Influenza vaccination of health care workers: evaluation of factors that are important in acceptance

Prev Med. Jan-Feb 1997;26(1):68-77. doi: 10.1006/pmed.1996.9991.

Abstract

Background: We evaluated the associations between putative occupational and epidemiologic determinants and influenza vaccine acceptance among health care workers during two consecutive seasons.

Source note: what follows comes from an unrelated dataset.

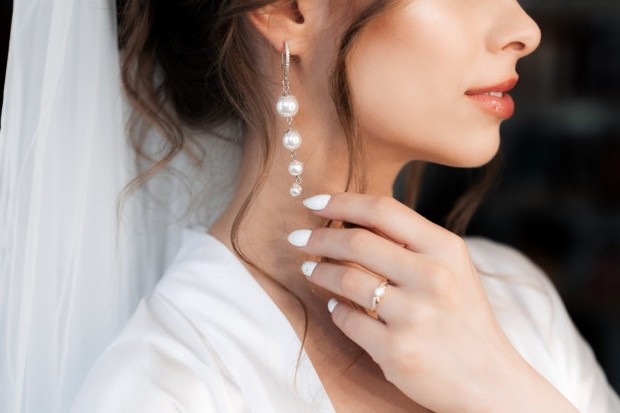 Model Anting yang Cocok Dipadukan dengan Outfit Kasual dan Sporty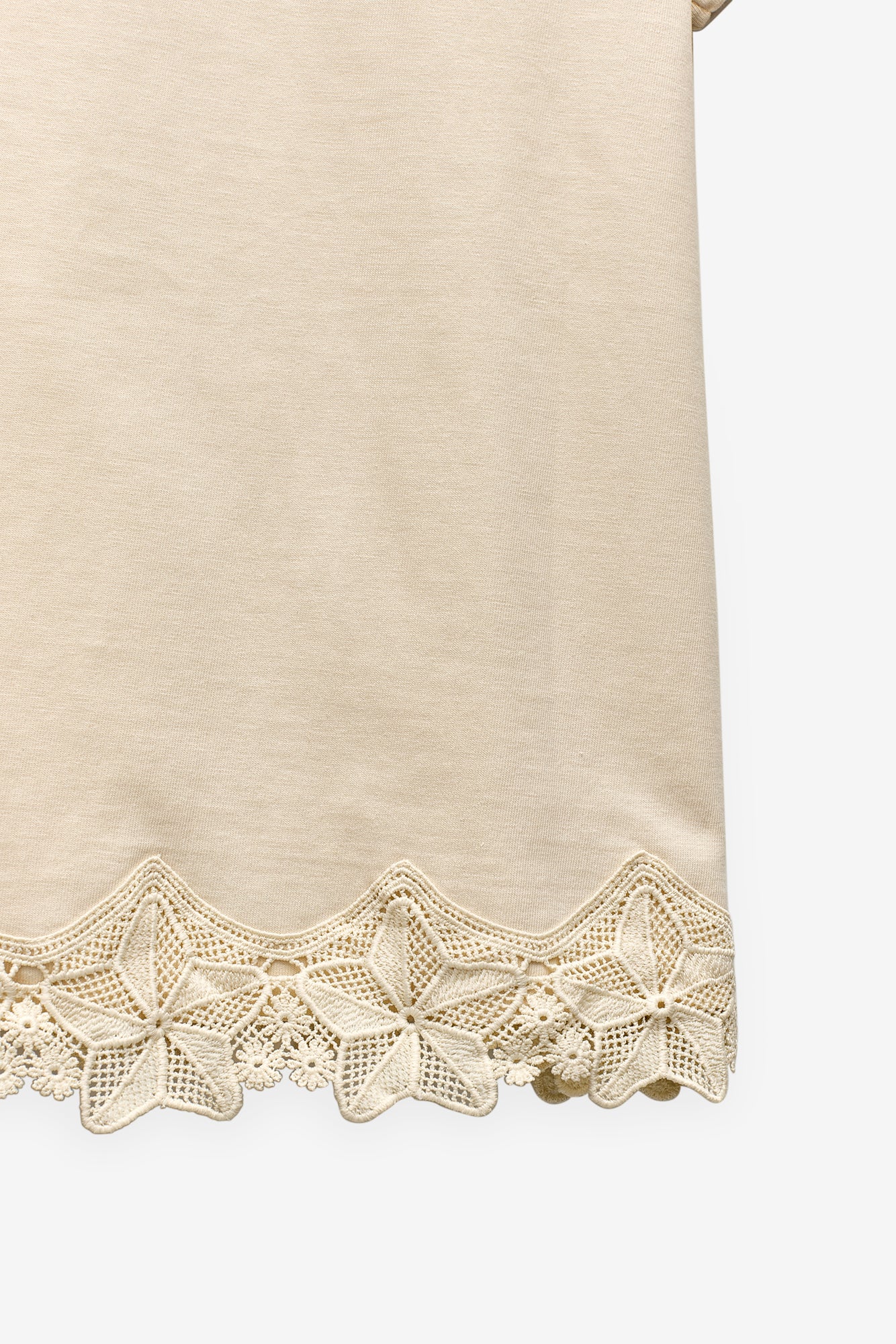 T-SHIRT COM RENDA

Methods: Multiple logistic regression models were developed to identify predictors of vaccine acceptance during 1991-1992, then validated in the subsequent year. A combined repeated-measures regression model using generalized estimating equations was fit to examine workers' vaccine acceptance over the 2-year period.

Results: Nearly one-third of hospital employees received influenza vaccine each year [2,364 of 7,320 (32%) in 1991-1992 vs 2,679 of 8,632 (31%) in 1992-1993]. Independent predictors among nurse clinicians included older age, higher salary, longer employment, and minimal absenteeism. Female sex, marriage, higher salary, and employment duration were independent predictors for professional support staff. Older age was the only independent predictor among nonprofessional staff.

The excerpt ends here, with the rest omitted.